Creepy doll becomes viral star despite limited screentime

Jan 21, 2015 15:01 GMT  ·  By

Let’s not kid ourselves: regardless of whether you liked / agreed with “American Sniper,” the latest film from director Clint Eastwood, with Bradley Cooper playing the late Navy SEAL Chris Kyle, the biggest star online right now, despite very limited screentime, is the fake plastic baby that stood in for Kyle’s newborn daughter.

You can see it clearly in the video below, but just in case your eye gets caught by other details (like, for instance, how Sienna Miller can fake-breastfeed through her top), the GIF below will best show just how fake and how painfully obvious the doll was: that’s Cooper moving its hand with his thumb.
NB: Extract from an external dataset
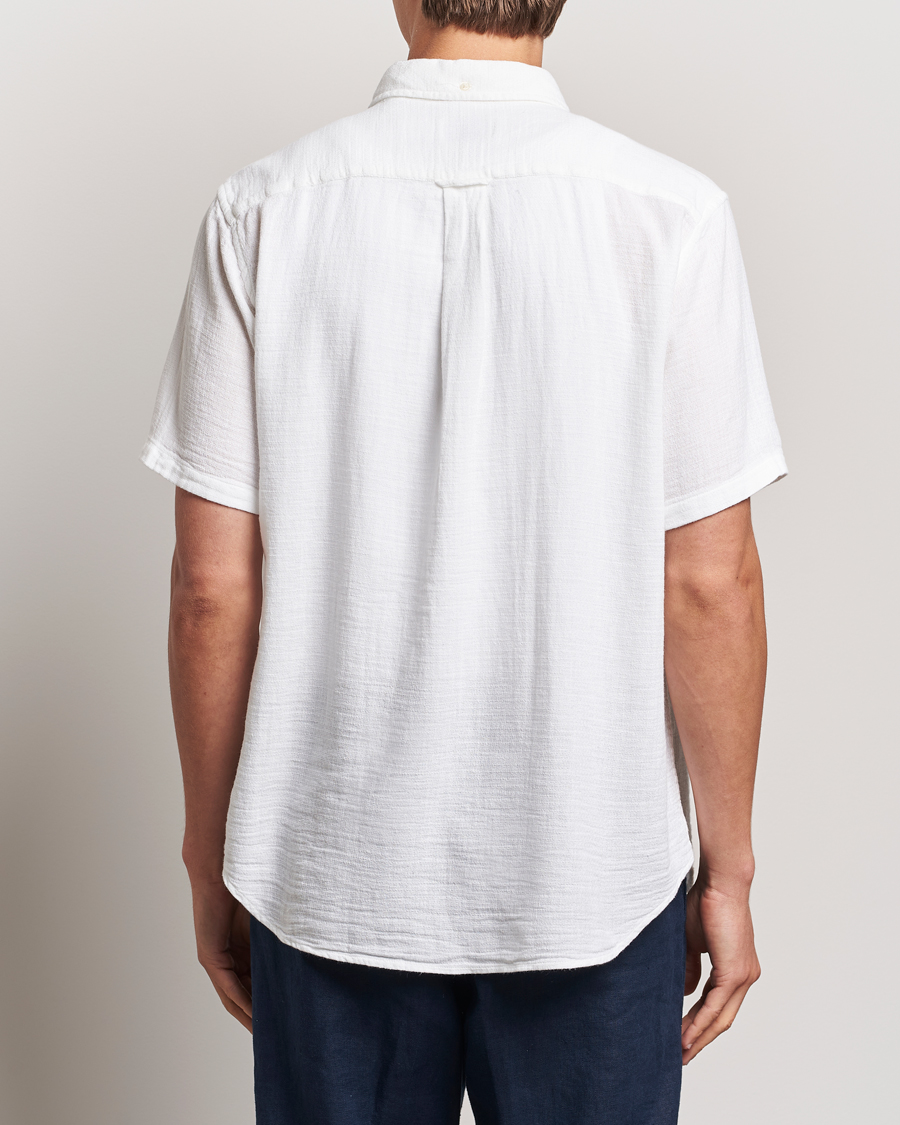 Uomini | Camicie | Gant | Cotton/Linen Texture Short Sleeve Shirt White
Fake plastic baby is a star

Everyone who saw the movie in theaters over the weekend picked up on the fakery, so the doll is now the latest viral star. Some even say it should have gotten its own Oscar nomination: if Cooper is up for Best Actor and the film is up for Best Picture, it should have been nominated for Best Fake Baby because never before has so much creepiness and hilarity been packed in a few minutes of screentime

Others take issue with the cheapness of the prop, since the movie had a budget of $60 million (€51.7 million) and claimed to be very serious in everything. That should have included the extras and the props.
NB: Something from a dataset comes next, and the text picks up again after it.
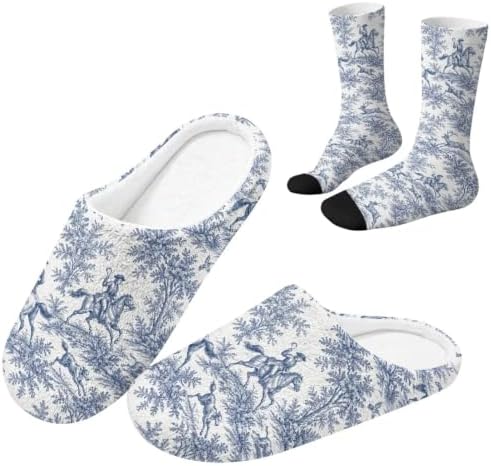 Toile de Jouy Fuzzy Slipper with Socks for Women Cozy Slipper Indoor by Baxinh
Either way, as you can see from the selection of tweets below, the fake baby is a star.

How did this happen?  

In a tweet that’s no longer available, screenwriter and executive producer Jason Hall explained why Eastwood used a doll for the baby, THR reports.
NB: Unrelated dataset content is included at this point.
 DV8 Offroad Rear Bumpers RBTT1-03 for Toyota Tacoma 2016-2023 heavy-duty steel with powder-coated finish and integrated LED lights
The tweet came as a response to journalist Mark Harris, who wrote, “That plastic baby in American Sniper is going to be rationalized by Eastwood auteur cultists until the end of days,” and said: “hate to ruin the fun but real baby #1 showed up with a fever. Real baby #2 was no show. (Clint voice) Gimme the doll, kid.”

Eastwood is famous for the rapid pace he keeps during production, so this actually makes sense. However, THR points out, this wasn’t the only fake baby used in film, so it could be that the decision was actually made long before the alleged real baby allegedly showed up with a fever.

As THR says, under California law, having a baby on the set of the film can prove quite a hassle because there are a ton of conditions that have to be met. In the end, it was probably cheaper and much easier to just use a doll instead of the real thing, and hope and pray no one would be able to tell the difference.

Eastwood was fresh out of luck with this one, though. That fake plastic baby is now part of film history.